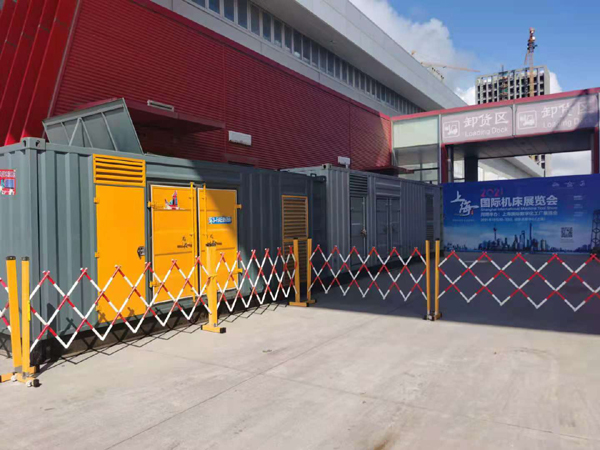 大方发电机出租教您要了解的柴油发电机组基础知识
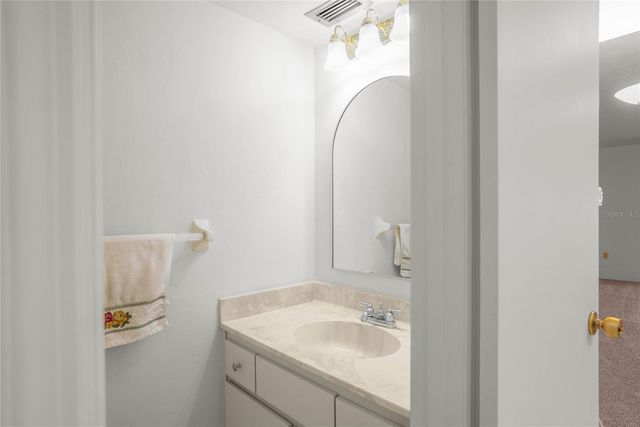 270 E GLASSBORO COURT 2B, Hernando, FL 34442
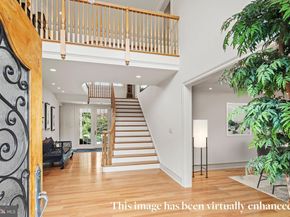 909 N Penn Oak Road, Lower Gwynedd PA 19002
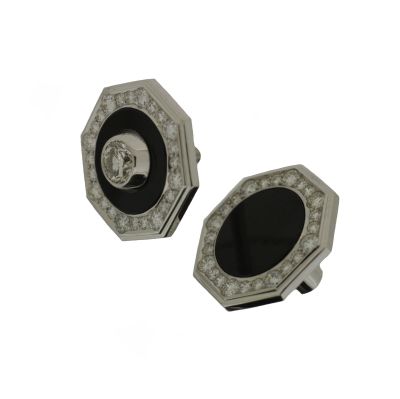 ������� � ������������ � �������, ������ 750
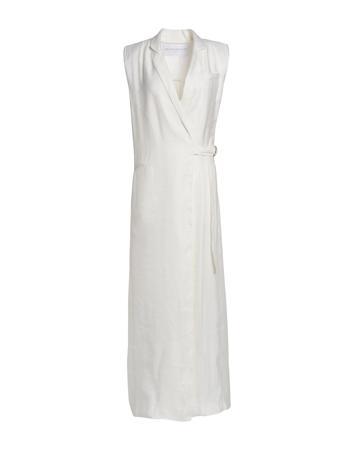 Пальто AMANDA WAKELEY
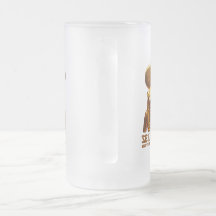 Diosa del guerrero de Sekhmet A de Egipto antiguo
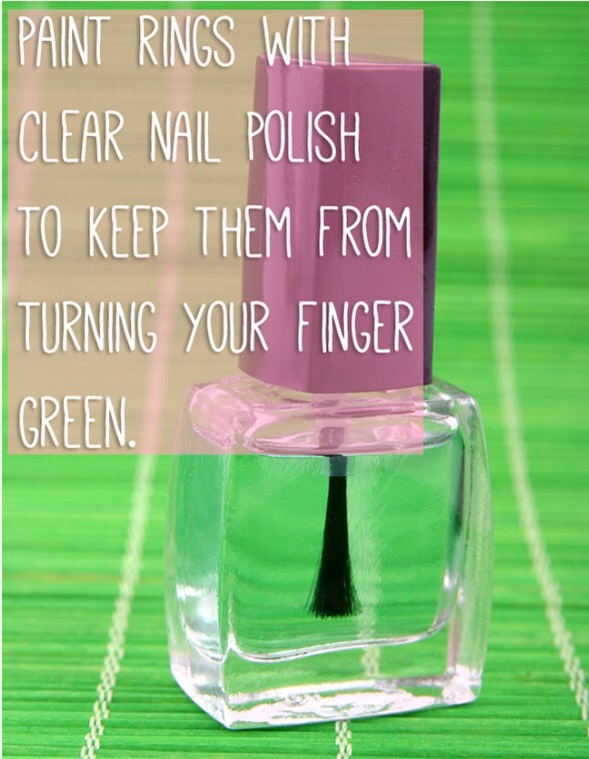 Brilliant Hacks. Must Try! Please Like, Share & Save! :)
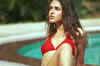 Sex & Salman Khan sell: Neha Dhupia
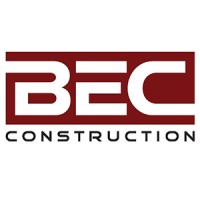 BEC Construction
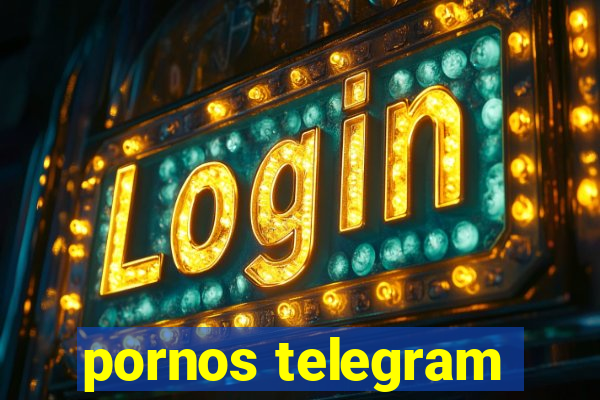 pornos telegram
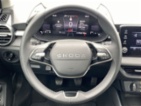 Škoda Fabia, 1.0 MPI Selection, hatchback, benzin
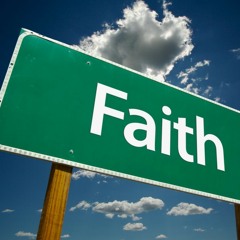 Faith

◆ **Aim of the exercise**
Please output all of the entries above exactly, but without any picture.

◆ **Expected output**
 大方发电机出租教您要了解的柴油发电机组基础知识
 270 E GLASSBORO COURT 2B, Hernando, FL 34442
 909 N Penn Oak Road, Lower Gwynedd PA 19002
 ������� � ������������ � �������, ������ 750
 Пальто AMANDA WAKELEY
 Diosa del guerrero de Sekhmet A de Egipto antiguo
 Brilliant Hacks. Must Try! Please Like, Share & Save! :)
 Sex & Salman Khan sell: Neha Dhupia
 BEC Construction
 pornos telegram
 Škoda Fabia, 1.0 MPI Selection, hatchback, benzin
 Faith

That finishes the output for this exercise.